• Exercise requirements:
Check each line of the listing, and copy it if it contains the word "Blue".

============================================================

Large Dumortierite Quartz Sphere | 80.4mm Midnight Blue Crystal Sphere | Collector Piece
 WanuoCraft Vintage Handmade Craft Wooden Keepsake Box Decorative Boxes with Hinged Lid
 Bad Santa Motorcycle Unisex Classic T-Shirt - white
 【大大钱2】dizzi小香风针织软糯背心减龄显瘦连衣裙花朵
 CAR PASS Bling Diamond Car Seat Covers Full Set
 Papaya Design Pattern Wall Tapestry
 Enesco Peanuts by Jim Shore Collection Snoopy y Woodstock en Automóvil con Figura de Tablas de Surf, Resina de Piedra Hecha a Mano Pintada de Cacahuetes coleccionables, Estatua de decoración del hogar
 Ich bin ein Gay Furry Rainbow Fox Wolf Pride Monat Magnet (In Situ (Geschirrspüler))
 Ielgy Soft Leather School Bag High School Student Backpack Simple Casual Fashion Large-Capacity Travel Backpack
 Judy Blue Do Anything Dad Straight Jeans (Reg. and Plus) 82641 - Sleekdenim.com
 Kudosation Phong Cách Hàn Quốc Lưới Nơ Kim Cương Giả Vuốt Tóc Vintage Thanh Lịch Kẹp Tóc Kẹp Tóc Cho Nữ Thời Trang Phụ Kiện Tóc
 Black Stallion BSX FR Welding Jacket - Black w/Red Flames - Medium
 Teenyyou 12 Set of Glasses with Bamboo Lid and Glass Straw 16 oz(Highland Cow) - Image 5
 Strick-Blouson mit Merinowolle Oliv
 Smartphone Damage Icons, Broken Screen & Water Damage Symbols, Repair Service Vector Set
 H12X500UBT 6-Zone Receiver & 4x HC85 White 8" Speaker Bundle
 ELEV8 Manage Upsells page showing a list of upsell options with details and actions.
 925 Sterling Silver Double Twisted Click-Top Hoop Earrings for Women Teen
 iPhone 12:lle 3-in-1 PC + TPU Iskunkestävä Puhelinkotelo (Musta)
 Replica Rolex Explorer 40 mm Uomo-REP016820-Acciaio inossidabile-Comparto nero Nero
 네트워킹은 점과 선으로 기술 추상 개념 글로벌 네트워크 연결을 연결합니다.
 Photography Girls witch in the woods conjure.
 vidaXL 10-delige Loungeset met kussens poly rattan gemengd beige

============================================================

• Task output:
Large Dumortierite Quartz Sphere | 80.4mm Midnight Blue Crystal Sphere | Collector Piece
 Judy Blue Do Anything Dad Straight Jeans (Reg. and Plus) 82641 - Sleekdenim.com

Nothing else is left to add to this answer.